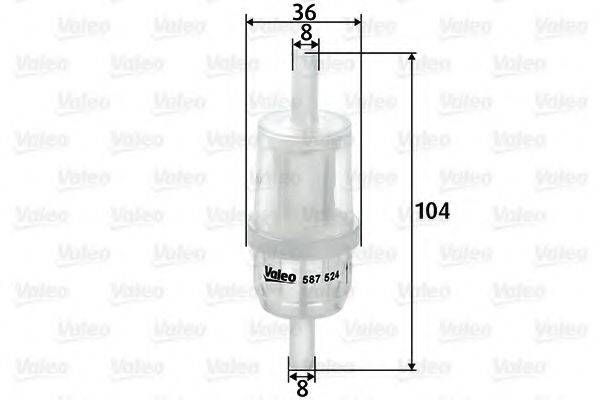 Паливний фільтр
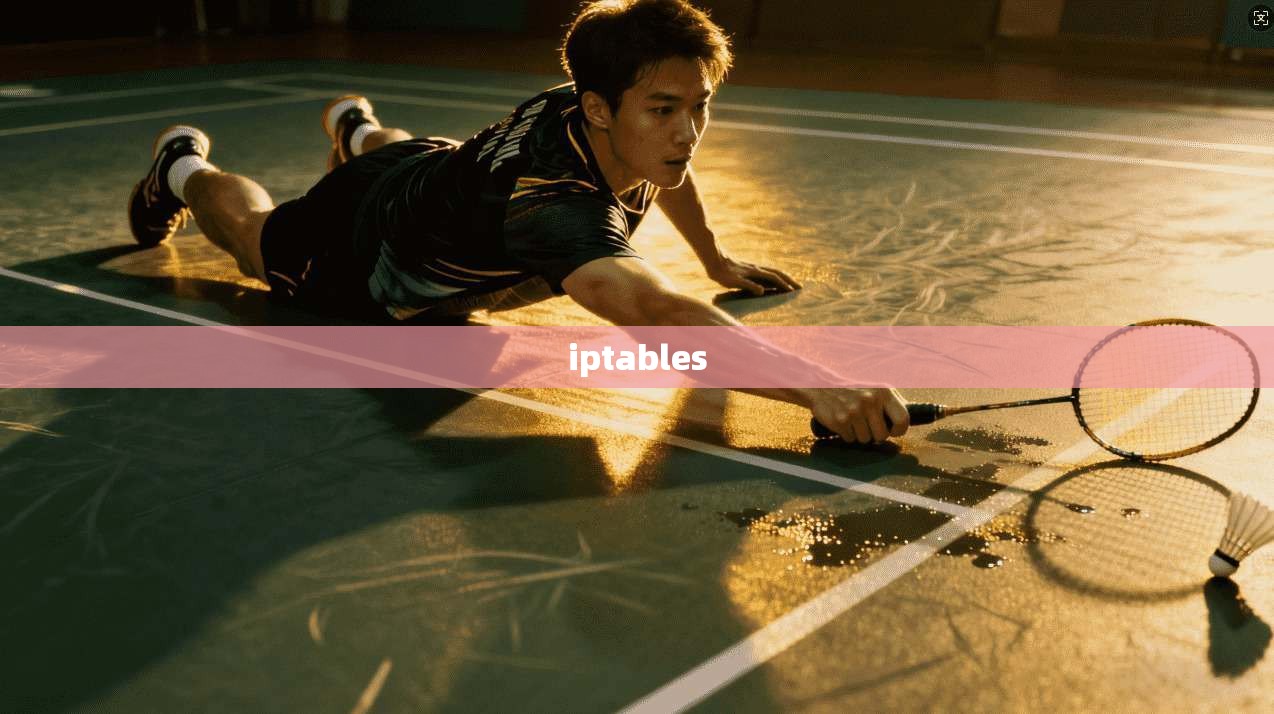iptables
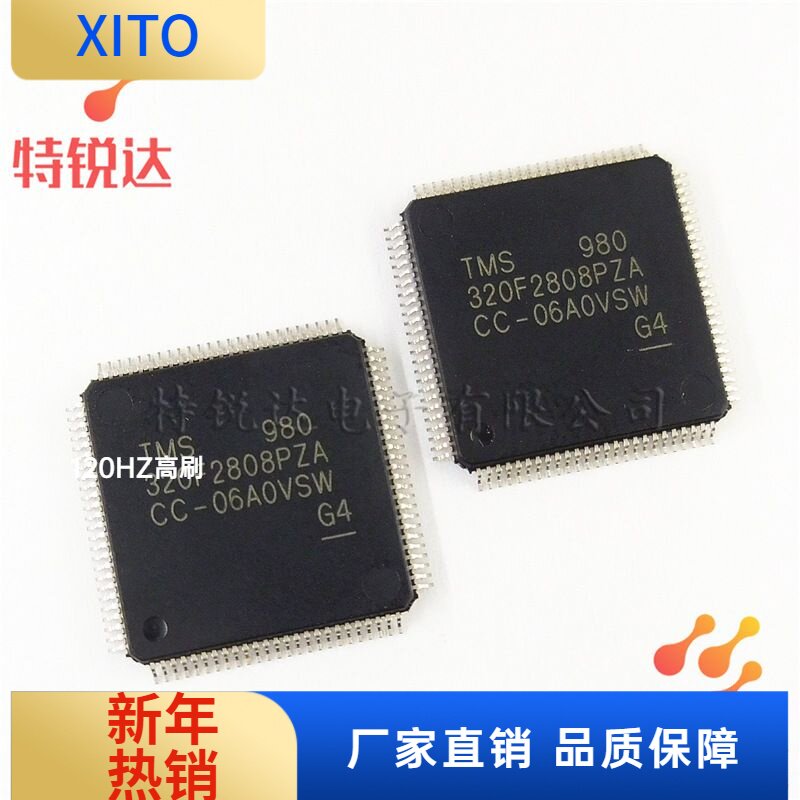 TMS320F2808PZALQFP10016位数字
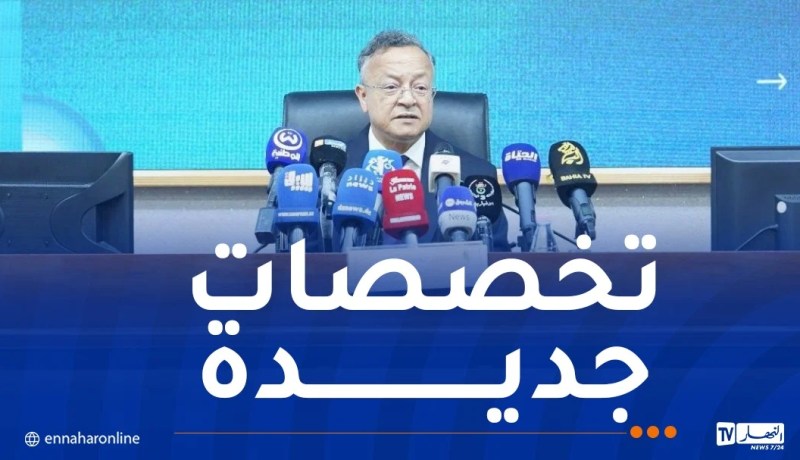 بداري: الدخول الجامعي سيرتكز على الذكاء الاصطناعي والخوارزميات
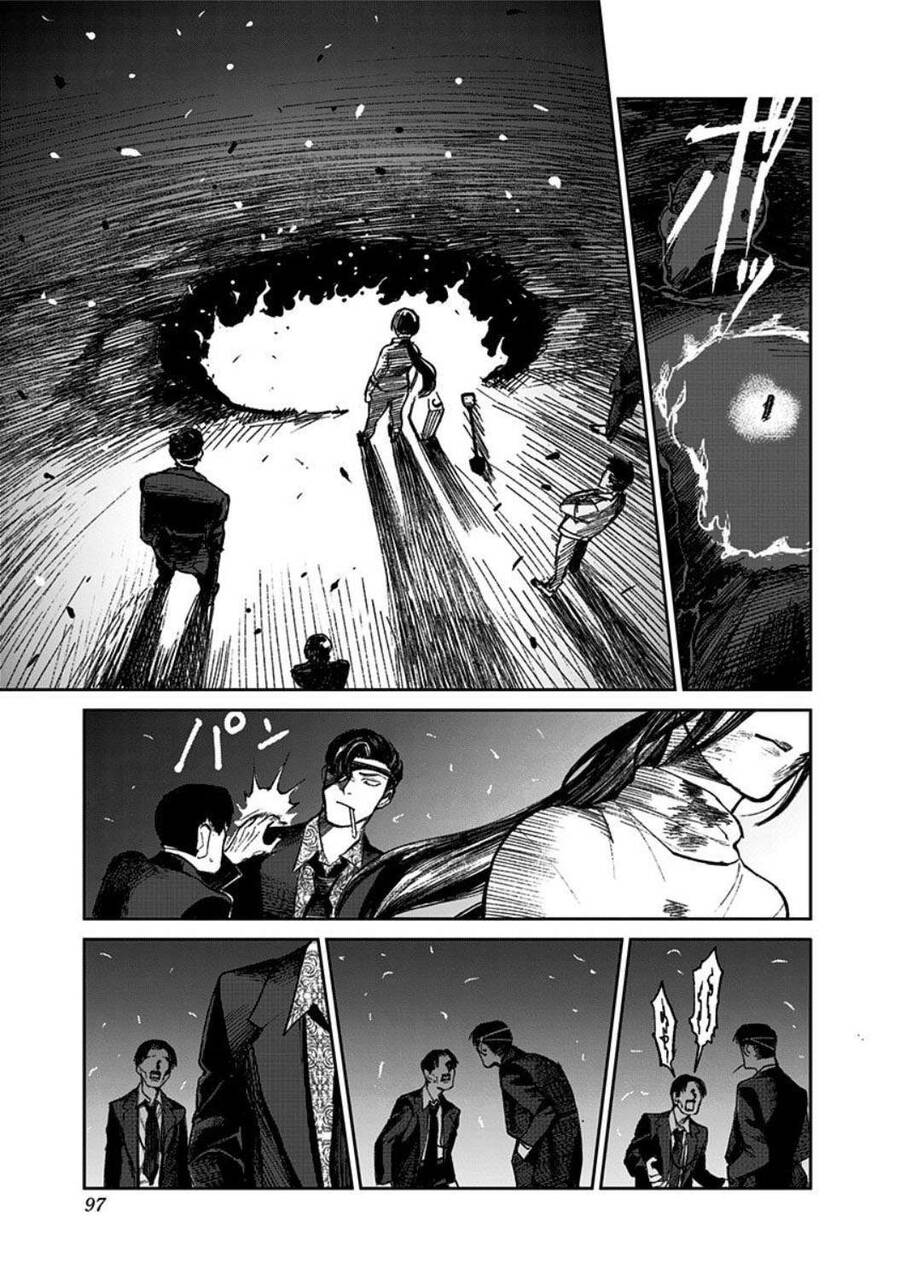 Cô Giáo Mít Ướt Chapter 2 - Trang 2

▶ What you are asked to do: Your answer should hold only the lines from the line with "TMS320F2808PZALQFP10016位数字" through the closing line of the records, restated exactly and free of pictures.

▶ Output:
 TMS320F2808PZALQFP10016位数字
 بداري: الدخول الجامعي سيرتكز على الذكاء الاصطناعي والخوارزميات
 Cô Giáo Mít Ướt Chapter 2 - Trang 2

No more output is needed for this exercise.